PROBLEM TO SOLVE:
Reproduce the listing word for word, leaving every picture behind.

GIVEN MATERIAL:
▼

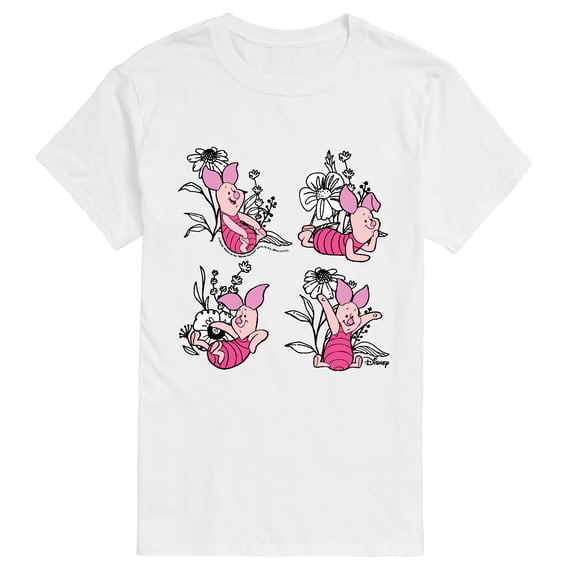 Winnie the Pooh - Piglet Flowers - Men's Short Sleeve Graphic T-Shirt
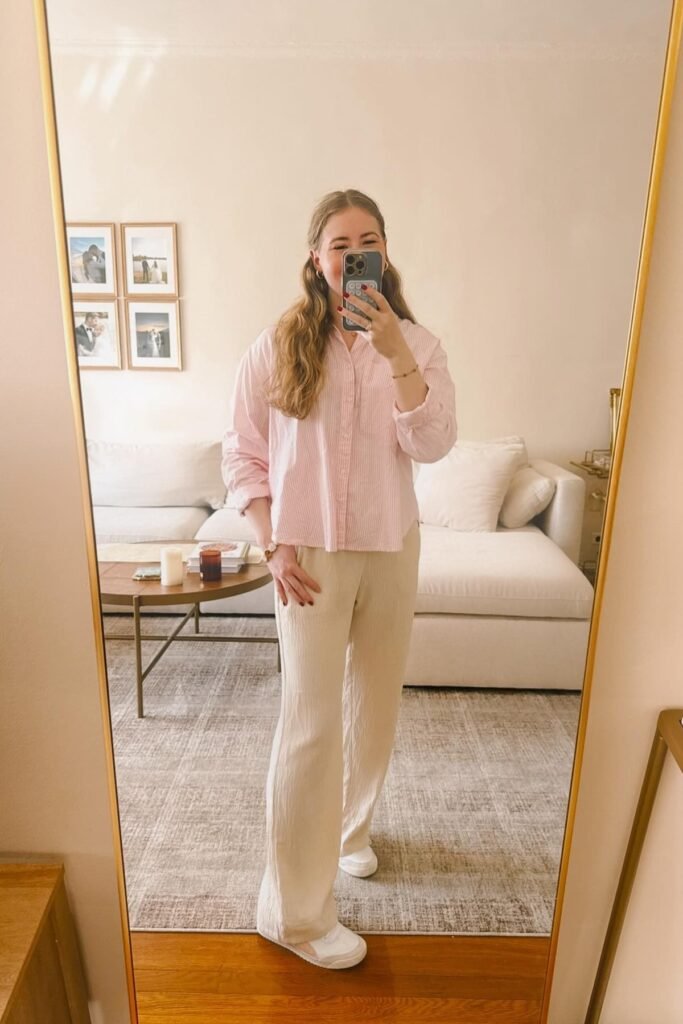 Pink Striped Button-Down + Cream Linen Trousers + White Sneakers
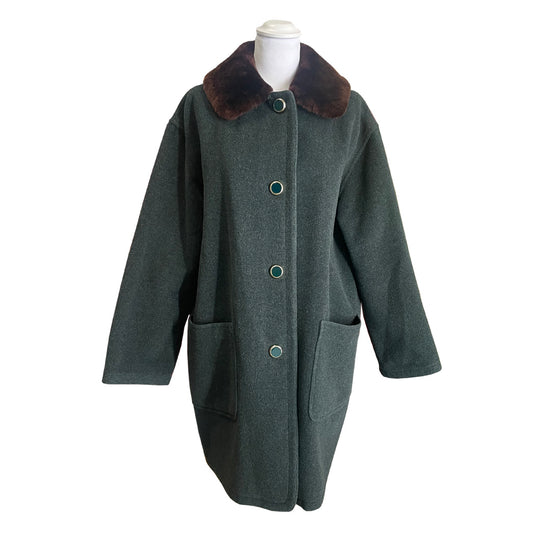 Vintage Coat With Faux Fur Collar 1960s - Salco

▲

SOLUTION:
 Winnie the Pooh - Piglet Flowers - Men's Short Sleeve Graphic T-Shirt
 Pink Striped Button-Down + Cream Linen Trousers + White Sneakers
 Vintage Coat With Faux Fur Collar 1960s - Salco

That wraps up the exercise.